[PATCH v4 3/4] dma/acc: add data path ops

DPDK patches and discussions
 help / color / mirror / Atom feed

From: Chengwen Feng <fengchengwen@huawei.com>
To: <thomas@monjalon.net>
Cc: <dev@dpdk.org>, <liuyonglong@huawei.com>
Subject: [PATCH v4 3/4] dma/acc: add data path ops
Date: Mon, 13 Oct 2025 17:11:56 +0800	[thread overview]
Message-ID: <20251013091157.1145-4-fengchengwen@huawei.com> (raw)
In-Reply-To: <20251013091157.1145-1-fengchengwen@huawei.com>

This commit adds data path ops for accelerator DMA driver.

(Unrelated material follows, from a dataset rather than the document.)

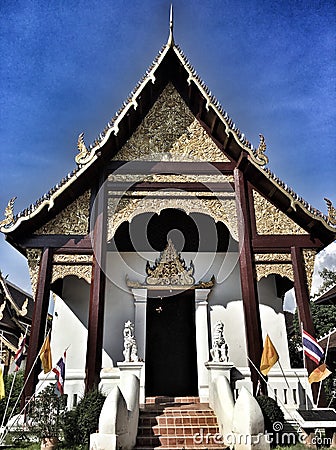 Buddhist`s temple in Bangkok Stock Photo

Signed-off-by: Chengwen Feng <fengchengwen@huawei.com>
---
 drivers/dma/acc/acc_dmadev.c | 322 +++++++++++++++++++++++++++++++++--
 drivers/dma/acc/acc_dmadev.h |  76 ++++++++-
 2 files changed, 385 insertions(+), 13 deletions(-)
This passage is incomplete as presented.